**EXERCISE DETAILS**
Copy out, exactly and with nothing else, the stretch of lines that starts at the line containing "Volkswagen Passat 2015 - Image 2" and finishes at the end of the data.
Start of RECORDS FOR THE TASK
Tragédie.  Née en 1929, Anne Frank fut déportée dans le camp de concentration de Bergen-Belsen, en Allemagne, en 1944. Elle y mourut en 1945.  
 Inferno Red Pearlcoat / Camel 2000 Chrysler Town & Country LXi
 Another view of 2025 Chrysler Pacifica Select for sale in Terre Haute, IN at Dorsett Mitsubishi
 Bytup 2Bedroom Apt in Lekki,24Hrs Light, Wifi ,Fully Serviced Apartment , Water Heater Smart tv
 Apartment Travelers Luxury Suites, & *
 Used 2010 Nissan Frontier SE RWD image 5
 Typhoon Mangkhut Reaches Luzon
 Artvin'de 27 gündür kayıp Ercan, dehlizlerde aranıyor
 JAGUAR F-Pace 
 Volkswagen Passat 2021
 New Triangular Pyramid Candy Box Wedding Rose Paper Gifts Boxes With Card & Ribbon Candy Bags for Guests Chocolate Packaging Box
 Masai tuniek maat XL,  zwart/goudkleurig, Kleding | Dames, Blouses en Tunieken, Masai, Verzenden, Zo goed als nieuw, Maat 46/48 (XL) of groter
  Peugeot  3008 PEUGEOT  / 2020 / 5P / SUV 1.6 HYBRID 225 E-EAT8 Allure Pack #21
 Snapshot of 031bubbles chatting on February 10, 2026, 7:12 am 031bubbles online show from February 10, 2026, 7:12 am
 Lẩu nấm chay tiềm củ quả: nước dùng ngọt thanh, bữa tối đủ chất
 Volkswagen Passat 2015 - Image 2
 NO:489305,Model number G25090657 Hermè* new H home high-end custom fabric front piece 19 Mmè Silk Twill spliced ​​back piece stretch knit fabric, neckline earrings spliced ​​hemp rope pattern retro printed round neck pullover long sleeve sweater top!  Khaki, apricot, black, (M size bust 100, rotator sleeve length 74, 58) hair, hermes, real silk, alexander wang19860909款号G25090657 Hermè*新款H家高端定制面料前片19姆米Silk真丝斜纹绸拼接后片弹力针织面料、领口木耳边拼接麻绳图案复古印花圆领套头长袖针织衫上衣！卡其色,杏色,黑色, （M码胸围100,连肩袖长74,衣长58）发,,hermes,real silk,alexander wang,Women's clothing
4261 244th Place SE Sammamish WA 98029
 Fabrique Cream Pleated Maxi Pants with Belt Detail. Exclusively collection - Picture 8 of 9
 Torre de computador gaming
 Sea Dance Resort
End of RECORDS FOR THE TASK
**WRITTEN RESPONSE**
 Volkswagen Passat 2015 - Image 2
 NO:489305,Model number G25090657 Hermè* new H home high-end custom fabric front piece 19 Mmè Silk Twill spliced ​​back piece stretch knit fabric, neckline earrings spliced ​​hemp rope pattern retro printed round neck pullover long sleeve sweater top!  Khaki, apricot, black, (M size bust 100, rotator sleeve length 74, 58) hair, hermes, real silk, alexander wang19860909款号G25090657 Hermè*新款H家高端定制面料前片19姆米Silk真丝斜纹绸拼接后片弹力针织面料、领口木耳边拼接麻绳图案复古印花圆领套头长袖针织衫上衣！卡其色,杏色,黑色, （M码胸围100,连肩袖长74,衣长58）发,,hermes,real silk,alexander wang,Women's clothing
4261 244th Place SE Sammamish WA 98029
 Fabrique Cream Pleated Maxi Pants with Belt Detail. Exclusively collection - Picture 8 of 9
 Torre de computador gaming
 Sea Dance Resort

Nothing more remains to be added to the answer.